We had our Sunday Ruck on the schedule just like every week and it is something I still look forward to doing. Even though, while shooting a high school football game on Friday night for the newspaper, I got spiked really hard along the sideline.
Trying to get a shot of a kid catching a pass along the sideline, late in the game, the defender pushed him out of bounds and then tossed him to the ground well outside the field of play. As the receiver rolled, I tried to get out of the way, but his cleats came down hard on my shin/ankle. Both are swollen and my shin looks like a lion clawed me. But training doesn’t stop and there are no days off…right? I’d be lying thru my teeth if I told it was a record-setting time on Sunday but you gotta keep going and not let anything get in your way.
So, back to the subject at hand. There is a really good reason we have such a long PT prep program that we ask guys to follow. Because the prep time to adequately get ready for Selection is measured in months not days. If you ruck 2-3 times a week and you’ve only been prepping for 2-3 weeks, you haven’t gone out much yet. And it does take time.
Rucking is a skill (as we’ve said here many times) that takes time to master and remember, isn’t one that you can excel in the first few days of doing it. If you’re expecting to be smoking times just two weeks into prep time, you are putting undue expectations on yourself.
Follow along with some of our older rucking pieces and keep working at it, but speed isn’t the priority first. Get everything else right and work on getting the right and correct stride down. The speed will come with repetitions. The more you do this and push yourself, the better you’ll become at it. But it is like anything else, rucking requires practice, practice, and even more practice.
For my man starting out with 70-lbs and your subsequent email where you pointed out that on the teams, you’ll be carrying even more than that, you are correct. And BTW, I DO know that and spent over a decade in Special Forces so you aren’t exactly breaking some new news to me there. I remember quite well how heavy the rucks were at times.
But as a said to you, do you consider yourself mission ready today? And of course, the answer was no. And that is because you have a lot of training and experience to do before you’re ready. And starting off your prep for Selection with 70 pounds is not correctly preparing, it is preparing to fail.
If you begin your training preparation with this kind of weight and trying to smoke the standards, you will end up hurting yourself and set your preparation back even farther. Trust in the process and the benefits of our experience, I am far from alone on this one. Our physical training pieces are the guide to get you where you want to be.
After a while, your body will tell you if you need to add more weight or speed up the pace or even back it down a bit. But don’t go hog wild on Day 1, let your body, your joints and ligaments build up strength and endurance and then you’ll be ready to kick the pig.
And for our shorter candidate, this is actually a more common problem than you would believe.
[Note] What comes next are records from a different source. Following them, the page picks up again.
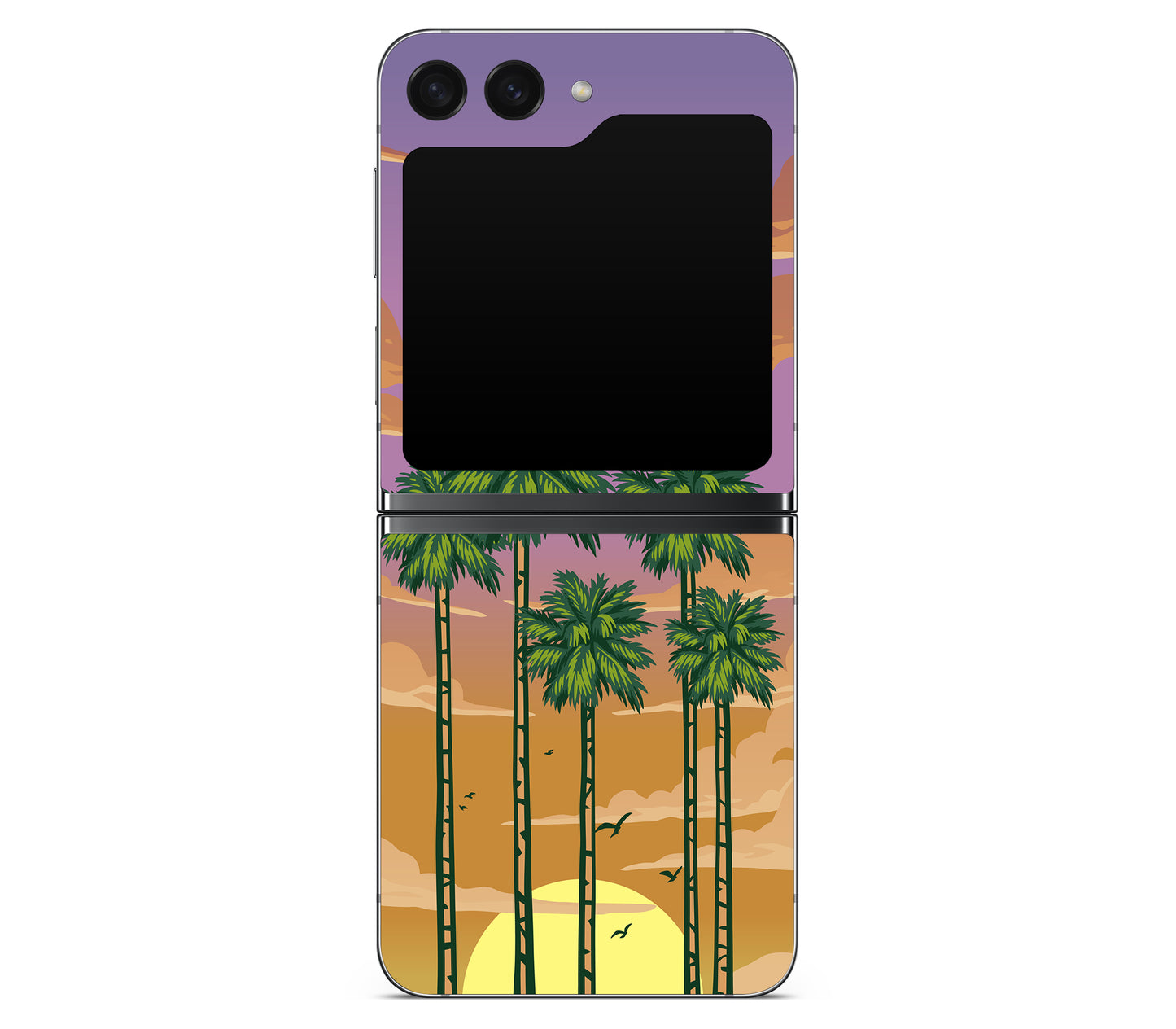 Galaxy Z Flip 5 skin, Vice
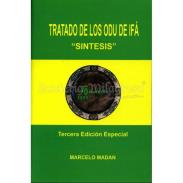 LIBROS ORUNMÃ­LÃ¡ | LIBRO Tratado Odu de Ifa - Sintesis (Bolsillo tapa dura) (Marcelo Madan)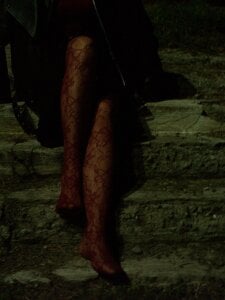 Lily_Ember Depraved night walk Pic 8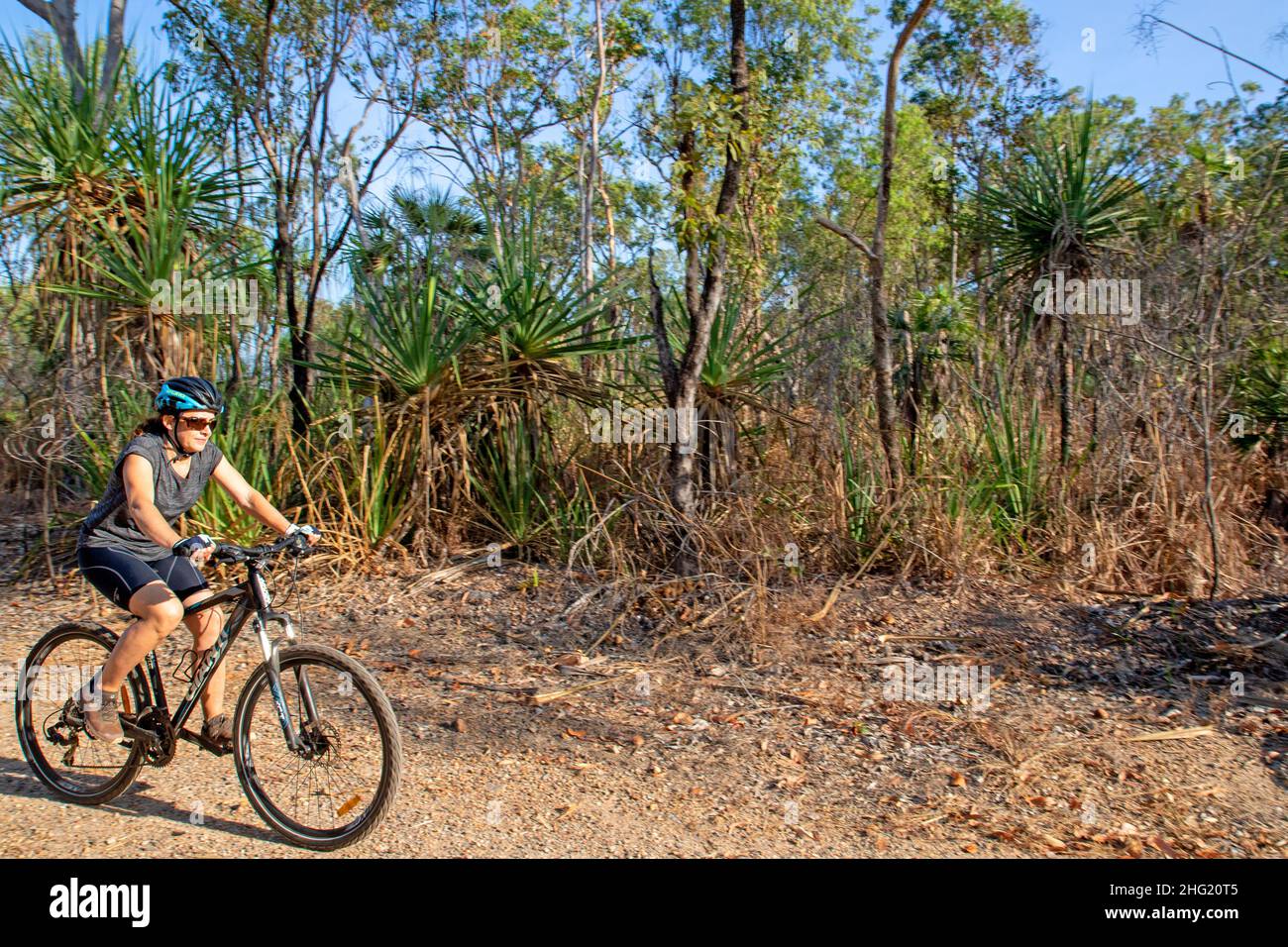 Charles darwin national park australia hires stock photography and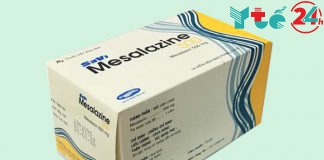 Mesalazine là thuốc gì?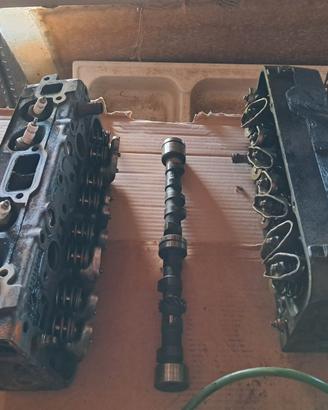 ricambi opel kadett c, city, b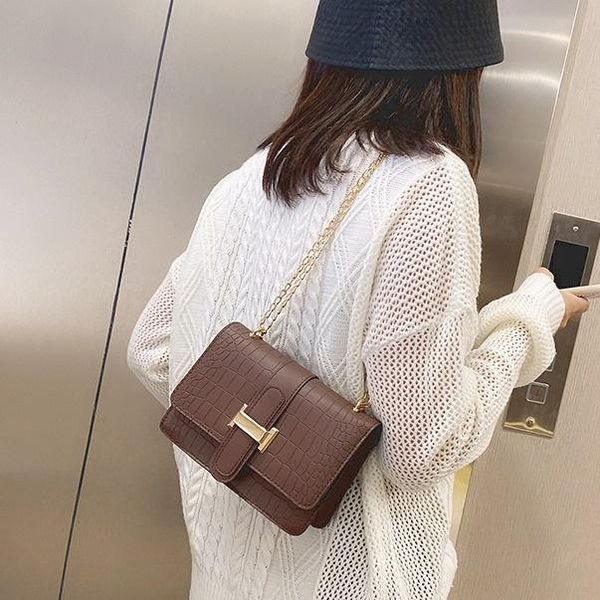 evening bags mini square flip bag 2021 winter quality pu leather women's designer handbag stone pattern lock chain shoulder messenger
evening bags mini square flip bag 2021 winter quality pu leather women's designer handbag stone pattern lock chain shoulder messenger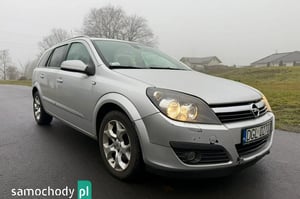 Opel Astra Kombi 2006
I know of many candidates who were outstanding runners, regularly scored 300 on their PT tests but just had a very hard time rucking.
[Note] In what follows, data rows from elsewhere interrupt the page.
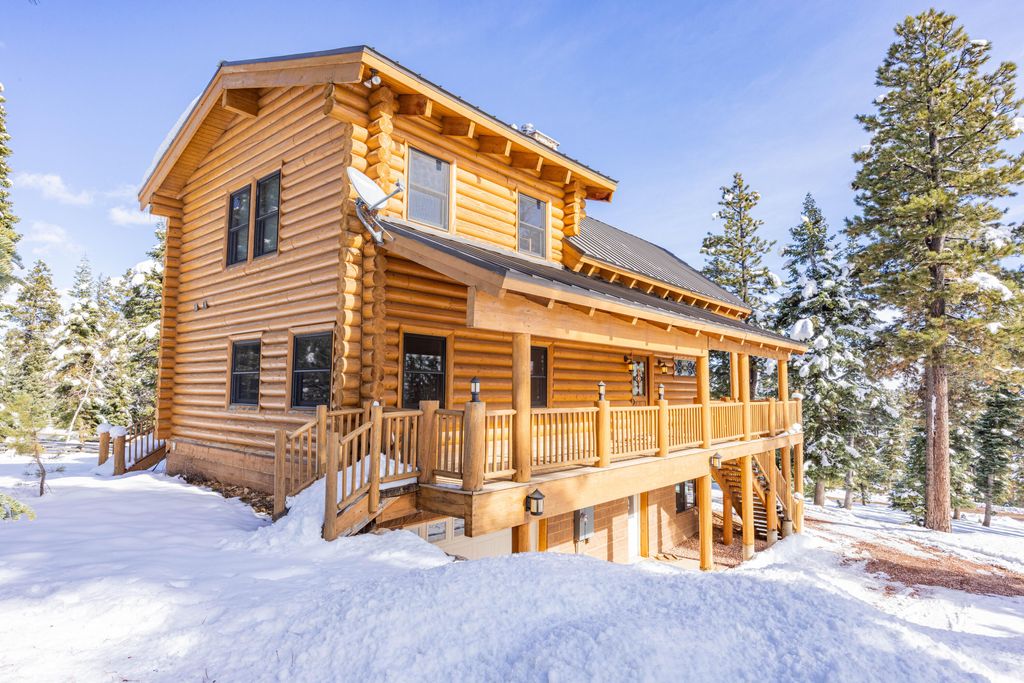 Photo of 1290 E Henry RD, Duck Creek Village, UT 84762 (MLS # 114682)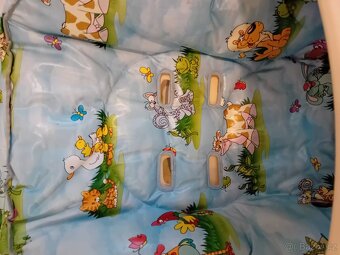 Jídelní židlička - 2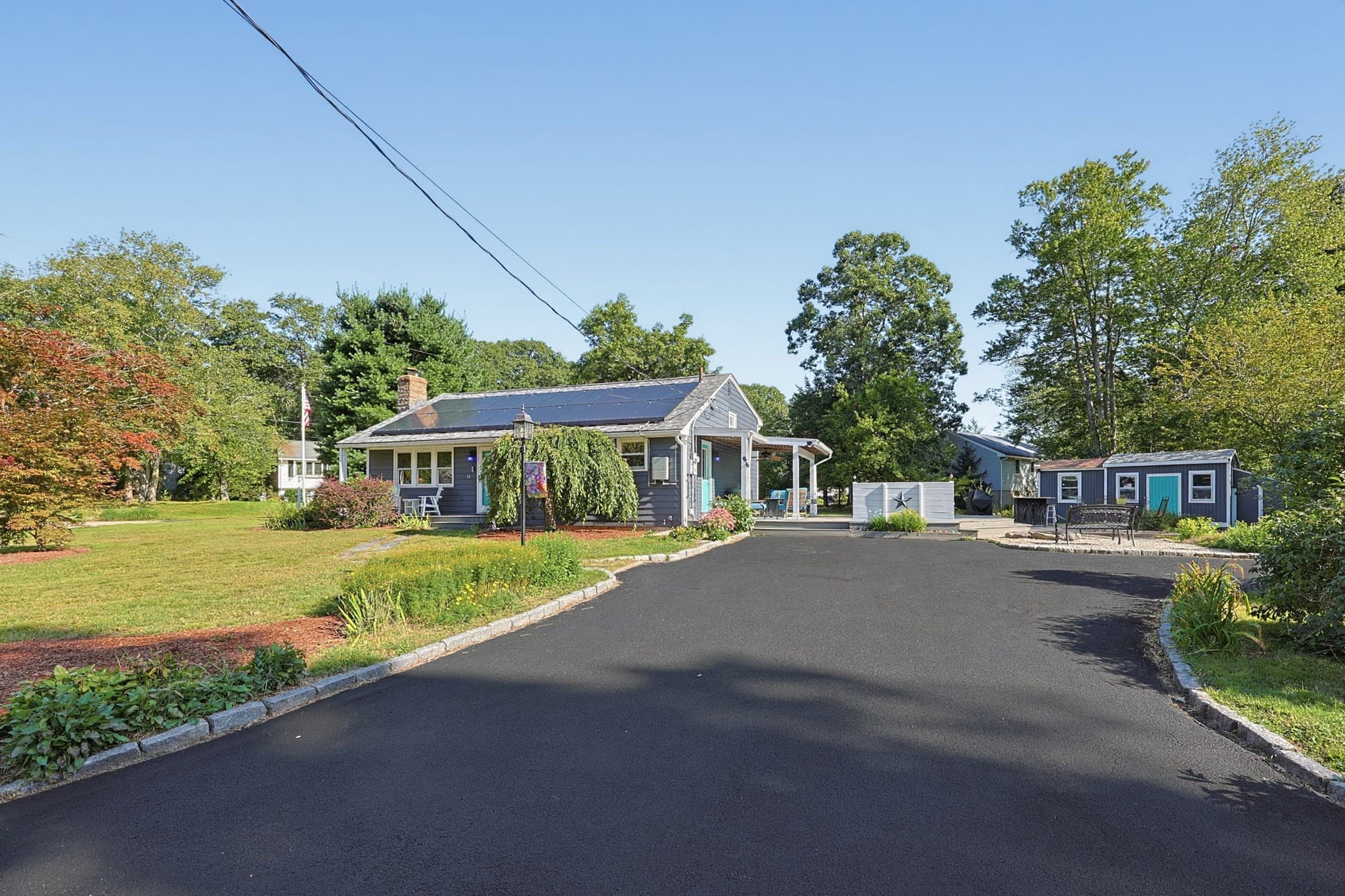 Single Family Residence at 73 Hickory Rd., Attleboro MA 02703, Attleboro, photo 42 of 42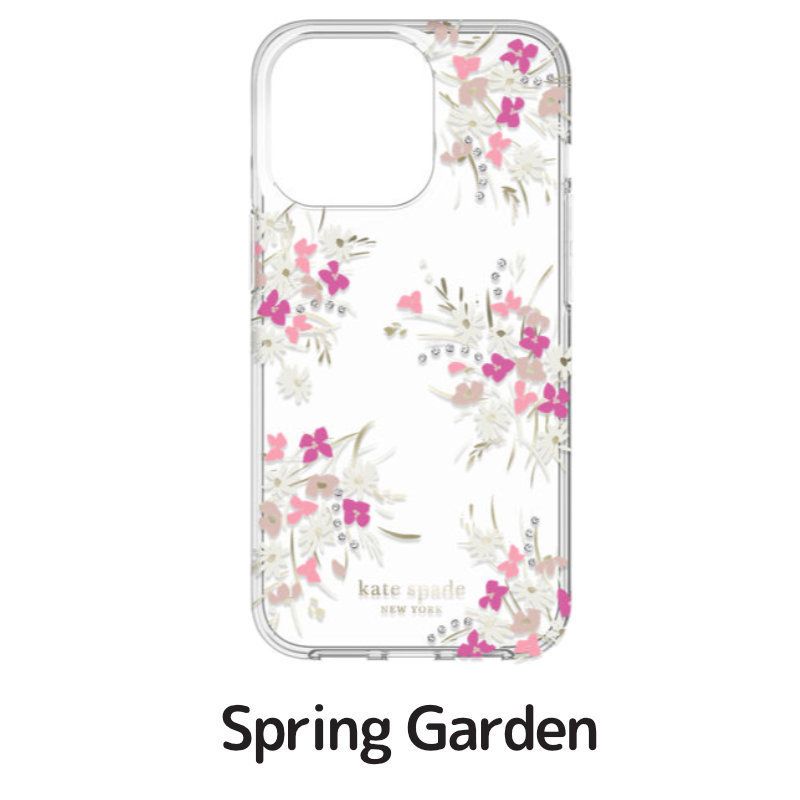 ◇Kate Spade◇iPhone 13 13Pro 13Pro Max 13mini ケース (kate spade ...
The first thing you must do is to have your rucksack, packed correctly and the straps, shoulder, chest and waist belt all adjusted to you where the ruck fits your body like a glove and won’t pull down on your lower back.
In the past, I’ve written about increasing my stride and I think that has confused some people. While rucking, I tend to stride a little bit less than a normal fast-walking gait. Because, for me, what works is to increase the speed of my steps. When I hit a downhill slope, I will increase my stride, or as you wrote that others told you to “step it out.” But that is counter-productive in the long run.
Rucking is tougher for short people, just like running inside the middle of a formation sucks for guys with long legs!. Stick with it, keep practicing and increase your tempo not so much your stride. Build up your endurance and strength and once you get to the course, do what you have to do to pass. If that means shuffling on all the gated rucks…then so be it.
I hope this makes sense for you folks who took the time to write. To the transgender female, don’t worry about stereotypes, or dwell on things you can’t control. When you get to Selection, make their jobs easy by kicking ass and taking names in every event you take part in. If you excel in everything thrown your way, the cadre will be much less likely to worry about stereotypes and treat you as just any other candidate. That’s the goal…right?